* **About this exercise**
Transcribe only the lines between the first line of the records and the line containing "Loyalty Vibes One", inclusive, exactly as written.

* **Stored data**
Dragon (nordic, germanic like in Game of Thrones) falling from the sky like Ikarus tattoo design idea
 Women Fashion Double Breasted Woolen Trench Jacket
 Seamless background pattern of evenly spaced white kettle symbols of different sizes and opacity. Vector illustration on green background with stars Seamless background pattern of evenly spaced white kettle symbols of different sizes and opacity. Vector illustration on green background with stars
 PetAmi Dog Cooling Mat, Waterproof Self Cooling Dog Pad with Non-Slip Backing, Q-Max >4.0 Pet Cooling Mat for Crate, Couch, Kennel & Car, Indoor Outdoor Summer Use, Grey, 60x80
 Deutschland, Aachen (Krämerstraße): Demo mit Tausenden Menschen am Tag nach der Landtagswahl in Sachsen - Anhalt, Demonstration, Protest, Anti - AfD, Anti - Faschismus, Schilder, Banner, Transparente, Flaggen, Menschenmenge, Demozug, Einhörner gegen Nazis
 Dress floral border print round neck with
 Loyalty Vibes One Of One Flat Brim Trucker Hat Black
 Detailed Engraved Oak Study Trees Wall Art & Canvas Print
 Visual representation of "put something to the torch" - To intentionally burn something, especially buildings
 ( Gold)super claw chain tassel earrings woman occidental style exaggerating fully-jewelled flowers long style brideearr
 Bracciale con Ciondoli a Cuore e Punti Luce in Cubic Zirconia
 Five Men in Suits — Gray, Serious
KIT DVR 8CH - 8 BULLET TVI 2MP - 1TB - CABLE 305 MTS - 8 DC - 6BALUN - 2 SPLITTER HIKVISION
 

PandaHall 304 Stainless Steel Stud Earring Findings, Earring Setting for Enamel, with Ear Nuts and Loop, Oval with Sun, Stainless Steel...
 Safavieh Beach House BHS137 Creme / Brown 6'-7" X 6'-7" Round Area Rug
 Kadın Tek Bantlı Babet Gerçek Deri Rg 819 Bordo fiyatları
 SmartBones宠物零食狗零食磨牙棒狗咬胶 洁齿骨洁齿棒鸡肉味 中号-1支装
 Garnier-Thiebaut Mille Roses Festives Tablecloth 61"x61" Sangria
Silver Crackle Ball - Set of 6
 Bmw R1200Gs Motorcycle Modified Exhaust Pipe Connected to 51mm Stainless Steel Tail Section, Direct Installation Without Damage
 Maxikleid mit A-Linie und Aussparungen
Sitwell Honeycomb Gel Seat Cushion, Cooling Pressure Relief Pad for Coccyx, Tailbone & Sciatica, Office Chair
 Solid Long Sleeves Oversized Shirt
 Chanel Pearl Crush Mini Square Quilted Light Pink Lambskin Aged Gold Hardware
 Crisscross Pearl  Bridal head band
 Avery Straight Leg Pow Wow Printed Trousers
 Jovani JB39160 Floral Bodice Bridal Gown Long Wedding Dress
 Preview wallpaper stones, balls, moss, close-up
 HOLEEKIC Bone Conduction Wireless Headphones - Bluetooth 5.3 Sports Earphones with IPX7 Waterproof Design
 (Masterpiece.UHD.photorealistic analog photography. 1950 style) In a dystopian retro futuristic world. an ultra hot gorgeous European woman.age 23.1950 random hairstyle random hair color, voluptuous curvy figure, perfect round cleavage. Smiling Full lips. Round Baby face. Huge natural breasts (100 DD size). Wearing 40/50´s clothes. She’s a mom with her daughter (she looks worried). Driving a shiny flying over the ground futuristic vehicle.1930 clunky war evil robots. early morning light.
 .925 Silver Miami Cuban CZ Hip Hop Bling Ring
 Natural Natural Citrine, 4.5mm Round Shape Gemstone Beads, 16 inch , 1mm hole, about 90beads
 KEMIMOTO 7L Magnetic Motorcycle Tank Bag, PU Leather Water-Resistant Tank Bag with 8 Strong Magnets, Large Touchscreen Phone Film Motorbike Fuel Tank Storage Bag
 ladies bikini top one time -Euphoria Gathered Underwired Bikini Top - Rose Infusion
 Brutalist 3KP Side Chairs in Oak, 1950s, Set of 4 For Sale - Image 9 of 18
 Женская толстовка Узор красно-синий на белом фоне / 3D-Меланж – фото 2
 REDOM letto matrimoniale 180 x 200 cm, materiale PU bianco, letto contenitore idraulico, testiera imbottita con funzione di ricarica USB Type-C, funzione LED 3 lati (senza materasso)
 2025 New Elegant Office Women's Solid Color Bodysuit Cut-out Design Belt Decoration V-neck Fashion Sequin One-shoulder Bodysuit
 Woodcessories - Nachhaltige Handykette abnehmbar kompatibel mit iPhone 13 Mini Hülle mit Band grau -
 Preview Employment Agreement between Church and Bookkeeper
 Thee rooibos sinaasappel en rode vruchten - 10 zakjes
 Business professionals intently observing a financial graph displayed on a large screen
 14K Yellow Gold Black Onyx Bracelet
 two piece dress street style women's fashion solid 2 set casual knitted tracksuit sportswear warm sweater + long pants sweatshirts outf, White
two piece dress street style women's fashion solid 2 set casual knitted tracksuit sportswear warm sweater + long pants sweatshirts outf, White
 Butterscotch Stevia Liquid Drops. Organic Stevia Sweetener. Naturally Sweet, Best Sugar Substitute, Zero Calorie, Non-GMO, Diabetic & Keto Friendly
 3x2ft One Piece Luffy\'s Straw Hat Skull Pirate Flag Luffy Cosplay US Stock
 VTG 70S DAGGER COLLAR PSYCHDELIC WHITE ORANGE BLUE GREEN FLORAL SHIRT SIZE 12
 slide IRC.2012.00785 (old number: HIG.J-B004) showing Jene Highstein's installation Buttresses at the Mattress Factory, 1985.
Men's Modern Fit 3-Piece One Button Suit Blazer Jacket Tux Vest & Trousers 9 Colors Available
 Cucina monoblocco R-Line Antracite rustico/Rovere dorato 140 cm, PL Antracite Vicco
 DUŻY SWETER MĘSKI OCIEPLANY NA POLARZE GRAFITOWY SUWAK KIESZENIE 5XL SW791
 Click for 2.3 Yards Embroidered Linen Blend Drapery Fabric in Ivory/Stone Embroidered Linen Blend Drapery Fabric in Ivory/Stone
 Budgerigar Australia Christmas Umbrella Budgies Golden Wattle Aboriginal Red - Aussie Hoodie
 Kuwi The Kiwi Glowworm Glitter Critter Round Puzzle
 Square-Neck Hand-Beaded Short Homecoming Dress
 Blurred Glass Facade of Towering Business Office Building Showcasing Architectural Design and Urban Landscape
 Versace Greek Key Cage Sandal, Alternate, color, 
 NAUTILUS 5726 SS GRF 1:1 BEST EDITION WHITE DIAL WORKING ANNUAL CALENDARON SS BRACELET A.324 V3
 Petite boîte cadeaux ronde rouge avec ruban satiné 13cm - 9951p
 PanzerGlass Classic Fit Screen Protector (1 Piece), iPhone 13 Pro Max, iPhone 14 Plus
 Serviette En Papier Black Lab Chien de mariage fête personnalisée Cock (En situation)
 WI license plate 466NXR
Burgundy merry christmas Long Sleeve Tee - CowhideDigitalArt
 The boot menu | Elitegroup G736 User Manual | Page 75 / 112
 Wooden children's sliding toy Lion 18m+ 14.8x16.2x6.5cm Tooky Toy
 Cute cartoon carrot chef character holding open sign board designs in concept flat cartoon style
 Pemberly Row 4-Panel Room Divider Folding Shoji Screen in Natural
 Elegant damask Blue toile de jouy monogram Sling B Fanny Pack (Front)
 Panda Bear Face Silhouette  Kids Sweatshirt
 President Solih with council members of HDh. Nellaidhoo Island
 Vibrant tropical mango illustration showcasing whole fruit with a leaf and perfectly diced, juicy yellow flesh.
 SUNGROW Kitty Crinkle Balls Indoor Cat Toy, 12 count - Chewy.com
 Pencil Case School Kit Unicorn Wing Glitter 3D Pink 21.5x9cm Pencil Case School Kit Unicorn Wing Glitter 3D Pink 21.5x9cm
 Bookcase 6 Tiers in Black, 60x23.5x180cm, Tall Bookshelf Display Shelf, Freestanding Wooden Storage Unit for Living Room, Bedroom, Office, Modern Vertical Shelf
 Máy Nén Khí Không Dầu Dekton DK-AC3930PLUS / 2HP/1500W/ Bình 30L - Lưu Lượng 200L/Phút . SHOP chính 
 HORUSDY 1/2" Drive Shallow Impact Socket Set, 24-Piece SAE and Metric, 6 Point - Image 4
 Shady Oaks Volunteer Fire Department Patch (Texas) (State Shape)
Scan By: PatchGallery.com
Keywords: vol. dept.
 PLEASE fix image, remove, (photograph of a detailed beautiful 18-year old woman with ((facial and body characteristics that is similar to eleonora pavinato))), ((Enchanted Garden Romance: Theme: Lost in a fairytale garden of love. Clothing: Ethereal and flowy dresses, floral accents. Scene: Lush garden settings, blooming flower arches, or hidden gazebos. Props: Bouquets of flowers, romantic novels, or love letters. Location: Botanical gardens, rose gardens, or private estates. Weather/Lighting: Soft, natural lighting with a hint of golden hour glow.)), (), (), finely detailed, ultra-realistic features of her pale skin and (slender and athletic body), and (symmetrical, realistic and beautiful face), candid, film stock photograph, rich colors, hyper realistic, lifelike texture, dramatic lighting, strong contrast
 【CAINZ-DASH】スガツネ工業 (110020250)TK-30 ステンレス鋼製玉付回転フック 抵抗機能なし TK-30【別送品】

* **Answer to this exercise**
Dragon (nordic, germanic like in Game of Thrones) falling from the sky like Ikarus tattoo design idea
 Women Fashion Double Breasted Woolen Trench Jacket
 Seamless background pattern of evenly spaced white kettle symbols of different sizes and opacity. Vector illustration on green background with stars Seamless background pattern of evenly spaced white kettle symbols of different sizes and opacity. Vector illustration on green background with stars
 PetAmi Dog Cooling Mat, Waterproof Self Cooling Dog Pad with Non-Slip Backing, Q-Max >4.0 Pet Cooling Mat for Crate, Couch, Kennel & Car, Indoor Outdoor Summer Use, Grey, 60x80
 Deutschland, Aachen (Krämerstraße): Demo mit Tausenden Menschen am Tag nach der Landtagswahl in Sachsen - Anhalt, Demonstration, Protest, Anti - AfD, Anti - Faschismus, Schilder, Banner, Transparente, Flaggen, Menschenmenge, Demozug, Einhörner gegen Nazis
 Dress floral border print round neck with
 Loyalty Vibes One Of One Flat Brim Trucker Hat Black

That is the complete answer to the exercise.